For any and all reason any bird will FLY home for them right, some and a lot of races are lost on the clock for the possible slow trapping in right. Someone raise a bub by hand and have that bird imprint on YOU and then toss it. When it comes home, will trap in so fast to get to YOU and not the rest or waiting and hesitating while the 'trainer' shakes the can. My tame hens literally throw themselves at closed doors to get to me, they just keep banging and banging till I open them.

Would love someone to test that for me. I could never tho, I love my birds as pets too much to risk one being picked off by a hawk. Could tell you a story of how that same theory worked years ago for attack guard dogs. The old school way or my way and it was proven, dude bought another dog, trained it my way and had an amazing hunter and opened his eyes to the new way of training and better results. Ok, Ill stop blabbing now.


----------



## ERIC K (Mar 29, 2010)

I know its a topic many will laugh at , and I've also heard the very best eye sign is the one you see just before a bird drops into the trap on race day, you know, the one eye that winks at you when a bird lifts his tail. Anyway I find it interesting that someone took the time to photograph 50 British long distance champion pigeons in the 1960's and every one had eye sign that would fit into maybe 10 similar styles and shapes involved with the eye sign charts. Sure you could loose any bird that has good sign but you will not fine many champions that don't have good eye sign.
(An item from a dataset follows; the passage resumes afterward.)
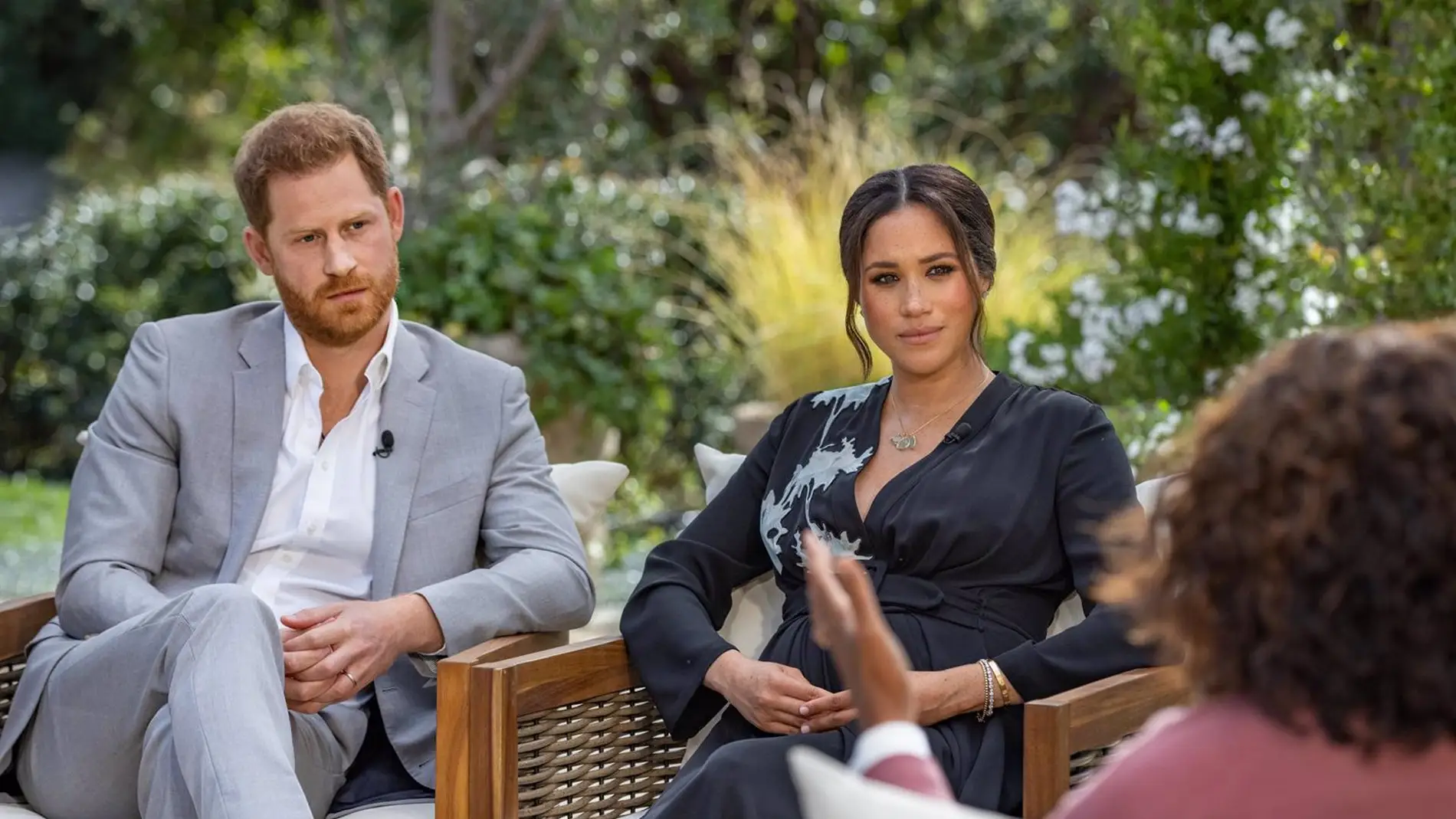 El príncipe Harry y Meghan Markle durante la entrevista con Oprah Winfrey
Something else to think about with the eye, is that its a window into the birds health and this is a fact that can't be disputed . Next time you talk to someone at work that is a hard drinker or in poor health take a good look at their eye and you'll see just what I mean.


----------



## sreeshs (Aug 16, 2009)

I do not race but I like reading about pigeons including racing pigeons and I tend to believe that eye sign might be one misunderstood topic and alone does not substantiate the quality of a bird (this is only from reading articles and blogs/posts).
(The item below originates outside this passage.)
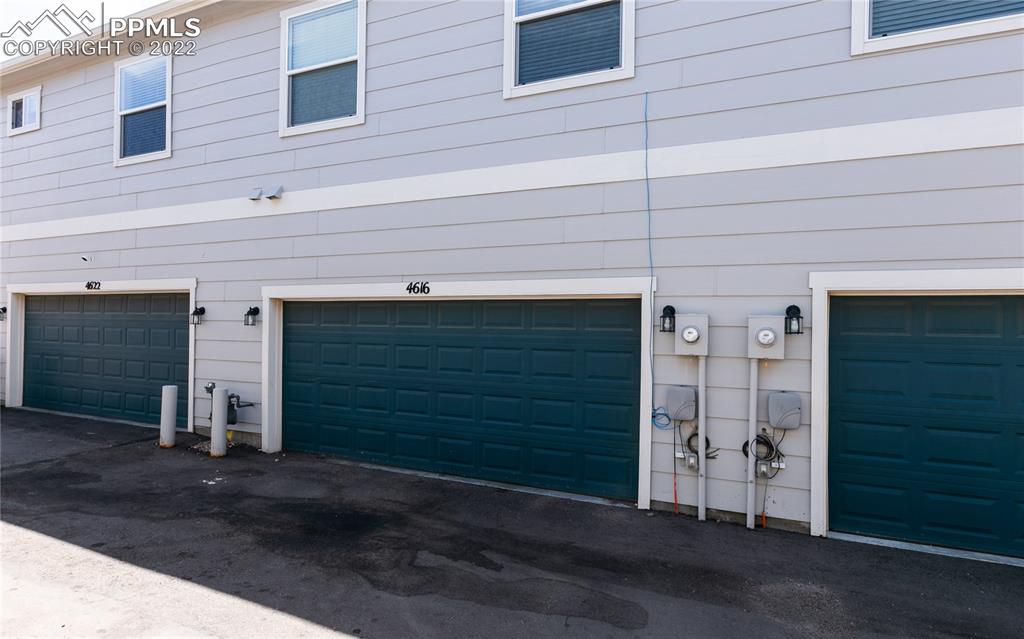 Listing 5823850, Image 22 of 24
Another possible reason is that there might have been a set of good performers and good breeders and some wanted to find out common characteristics to identify them. Lack of a scientific approach and confined to the pigeons of his immediate surroundings or may be a set of near by lofts would have contributed to the various so called theories, which worked with a limited experimental/observation lot and were assumed to be correct. Many hobbyists at many places around the globe would have tried and many theories thus popped up.
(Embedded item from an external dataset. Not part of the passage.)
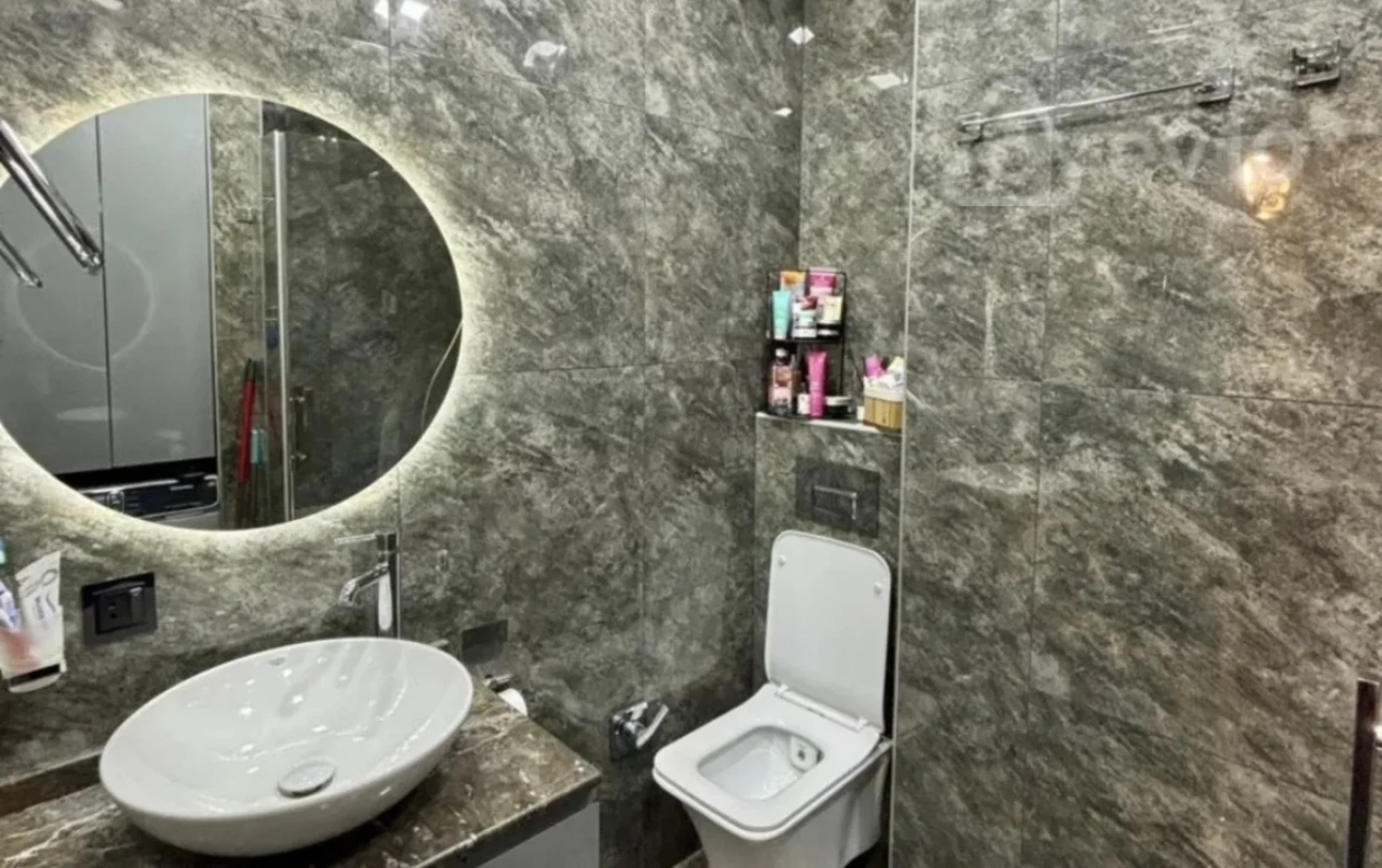 Kirayə verilir 2 otaqlı yeni tikili 65 m²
Also consider the fact that in-breeding and line breeding from performers and breeders would have contributed in maintaining a particular physical characteristic not just to the eyes but the beaks, nails, etc., which effected the theories/decisions.


----------



## CBL (May 13, 2014)

Honestly I dont know anything about eye sign, but I figure that if the bird is well bred, well trained, well fed, well housed that any bird on any given day can win. Animals are individuals and if all in good health and well rested, then hey, its anyones game. Does anyone consider the pecking order in a loft? I know that if a bird is being kept from feed dish, or stressed by a dominant male, they may look ok but not be in tip top shape or in any hurry to get back to loft to be bullied, AND I wonder if they do lets say fly in at the same time in a group, will that first bird wait and defer to dominant cock to trap in after it and again potentially lose its winning status. Im sure there are many subtle things racers have yet to learn and or may never understand in animal behaviour. Only the critters know lol.


----------



## Alamo (Nov 22, 2008)

In advertisements with pigeons for sale,most put a picture of the eye....To tell you the truth,there have been many with what I call average to good eyes....Not all these champions have great eyes...So with that said,it takes a pigeon with many good qualities to be a champion....Alamo


----------



## pigeonjim (May 12, 2012)

I have played with the eye sign charts and bought a special little magnifier to look close and deep into there eyes for there secrets to be told. I found my time was better spent gazing at the trapp as they return to the loft!! lol


----------



## CBL (May 13, 2014)

pigeonjim said:


> I have played with the eye sign charts and bought a special little magnifier to look close and deep into there eyes for there secrets to be told. I found my time was better spent gazing at the trapp as they return to the loft!! lol


BHAHAHAHAHHAHAH I love it! hehehehe


----------